Daisy Jones & The Six
★★★★☆Editora: Paralela
Ano: 2019
Páginas: 360
Adicione no Skoob - Compre aqui: Amazon  Kindle  Saraiva
Sinopse: Todo mundo conhece Daisy Jones & The Six. Nos anos setenta, dominavam as paradas de sucesso, faziam shows para plateias lotadas e conquistavam milhões de fãs. Eram a voz de uma geração, e Daisy, a inspiração de toda garota descolada. Mas no dia 12 de julho de 1979, no último show da turnê Aurora, eles se separaram. E ninguém nunca soube por quê. Até agora. Esta é história de uma menina de Los Angeles que sonhava em ser uma estrela do rock e de uma banda que também almejava seu lugar ao sol. E de tudo o que aconteceu — o sexo, as drogas, os conflitos e os dramas — quando um produtor apostou (certo!) que juntos poderiam se tornar lendas da música.

    Tenho que confessar que no início esse livro pareceu bastante confuso pra mim. Pensei que estava lendo errado e que era uma introdução ou algo especial do livro, mas não que duraria o livro inteiro. Daisy Jones & The Six é narrado em formato de entrevista, contando a vida da banda The Six, ao se juntar com a Daisy Jones, ex groupie, que acabou se tornando uma cantora em potencial. A junção fez com que a banda e tornasse um fenômeno dos anos 70 e o livro é justamente um mergulho em uma vida que parece super legal pra quem está de fora.

"Muitas vezes a verdade não está nem de um lado nem de outro, e sim escondida num meio-termo"

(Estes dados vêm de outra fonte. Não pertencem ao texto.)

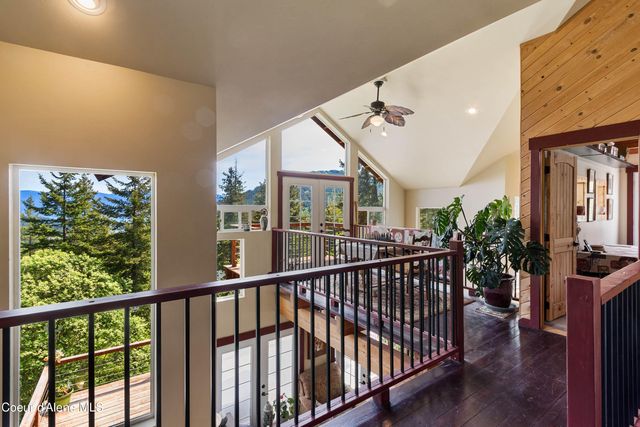 181 Spring View Lane, Sagle, ID 83860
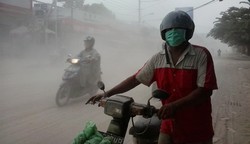 Debu Vulkanik Bersifat Asam, Bisa Sebabkan Dermatitis Saat Kena Kulit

    Tirando alguns momentos em que eu revirei os olhos para a Daisy, retratada de forma tão perfeitinha que doía meus olhos, a autora conseguiu passar a personalidade de cada integrante da banda de uma forma que honestamente me fez acreditar que eu estava lendo a biografia não autorizada de uma banda que eu nunca ouvi falar, mas que existiu. Juro que cheguei a jogar no Google e encontrei que é sim uma banda ficcional, mas a autora conseguiu confundir minha mente.

     Durante todo o livro, os integrantes da banda conta em detalhes como se conheceram, narram alguns momentos bons, tensos, ruins e emocionantes que passaram juntos. A parte que eu mais gostei é que mesmo sendo um livro e não podendo ter recursos visuais que ajudassem o leitor a se situar em outra década, ainda assim a vibe anos 70 se apossa da narração em forma de entrevista. Sem explicações sobre isso.

"Acho que a gente precisa mostrar que tem fé nas pessoas mesmo quando elas não merecem. Caso contrário não seria fé, certo?"

       Gosto bastante de séries e filmes que retratam o dia a dia de artistas porque nós, como consumimos esse conteúdo, não imaginamos que eles também são humanos, passam pelas mesmas dificuldades que nós e a fama às vezes não é uma coisa boa e te muda completamente. Ler Daisy Jones & The Six me deu uma visão VIP de como grande maioria das bandas de rock que já existiram ou existem tem altos dramas que vão além de dinheiro, diversão e talento. É uma leitura indispensável pra quem curte livros assim!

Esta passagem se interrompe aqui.